May 31: The economy is on a roll, but the stock market continues to be rocky.
Gross domestic product (GDP) growth was 9.3 per cent during January to March 2006, the last three months of the financial year, the second fastest in the world after China, which clocked 10.3 per cent.
It was just as well that the news came on a day the stock market had shed in excess of 650 points. As the spectre of another day of crippling losses loomed on a market shaken by a string of setbacks, the economic data arrived from Delhi like a godsend ' or Chidambaram-send.
The Bombay Stock Exchange sensitive index, sensex, recovered to close with a loss of 388 points at 10398.61.
Following up on the impressive January-March numbers, the Centre revised its growth estimate for all of 2005-06 to 8.4 per cent from 8.1 per cent ' placing it almost on a par with the highpoint touched in 2003-04 of 8.5 per cent.
“Growth of GDP at constant prices in excess of 8 per cent has been achieved by the economy in only five years of recorded history, and two out of these five are in the last three years,” said the Economic Survey in February.
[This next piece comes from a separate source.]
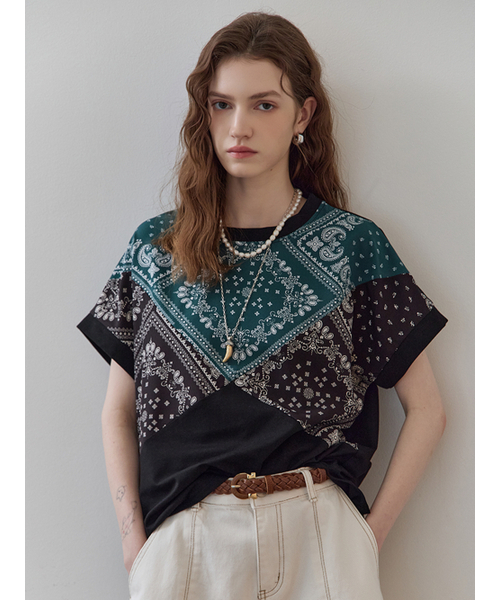 MAXZA(マージャコレクション)の「ペイズリーバンダナ配色ラウンドネックTシャツ(Tシャツ/カットソー・レディース・ホワイト/ブラック・FREE)」の3枚目の写真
On Wednesday, a few days after the second anniversary in office, the Manmohan Singh-led government improved that record to three in six years.
“The country is back on a growth path of 8 per cent, which is a matter of satisfaction,” the finance minister said.
Taking note of declining stocks, he added: “Global markets are down and it is partly reflected in Indian markets also.”
Strong farm growth coupled with a robust technology and services sector pushed the economy along. The surprise package was agriculture, which grew by a huge 5.5 per cent in January-March and by 3.9 per cent for the whole year, against 0.9 per cent through 2004-05.
Construction grew by 12.1 per cent against 12.5 per cent in 2004-05. Services such as trade, hotels, transport and communication expanded by 11.5 per cent against 10.6 per cent, while financial services, insurance, real estate and business services grew by 9.7 per cent against 9.2 per cent.
Manufacturing output, which accounts for nearly 15 per cent of GDP, expanded 8.9 per cent, faster than the previous year’s 8.1 per cent.
Per capita income, at constant prices, grew too ' by 6.9 per cent to Rs 21,005 from Rs 19,649.
Planning Commission deputy chairman Montek Singh Ahluwalia said: “All macro-economic parameters are in good shape. I think GDP growth can be sustained at more than 8 per cent through the 11th plan period of 2007-12.”
Ahluwalia added that the government feels the economy is not overheated and can sustain higher growth.
Some economists cautioned about an oil price-led damper, but Chidambaram dismissed such fears. “If global oil prices rise and if it is reflected in domestic prices, it may impact inflation but not growth,” he said.
Both Chidambaram and Ahluwalia expressed disappointment with the slow growth in mining (0.9 per cent) and electricity (5.3 per cent), stressing the importance of speeding up reforms.
The Confederation of Indian Industry said: “The economy is doing well but there are concerns regarding growth of industry, which is lower than desired.”
The business lobby said manufacturing growth of 8.9 per cent, against an advance estimate of 9.4 per cent, was “disappointing”.
“This concern is exacerbated, when seen in the context of a general slack in industrial growth.”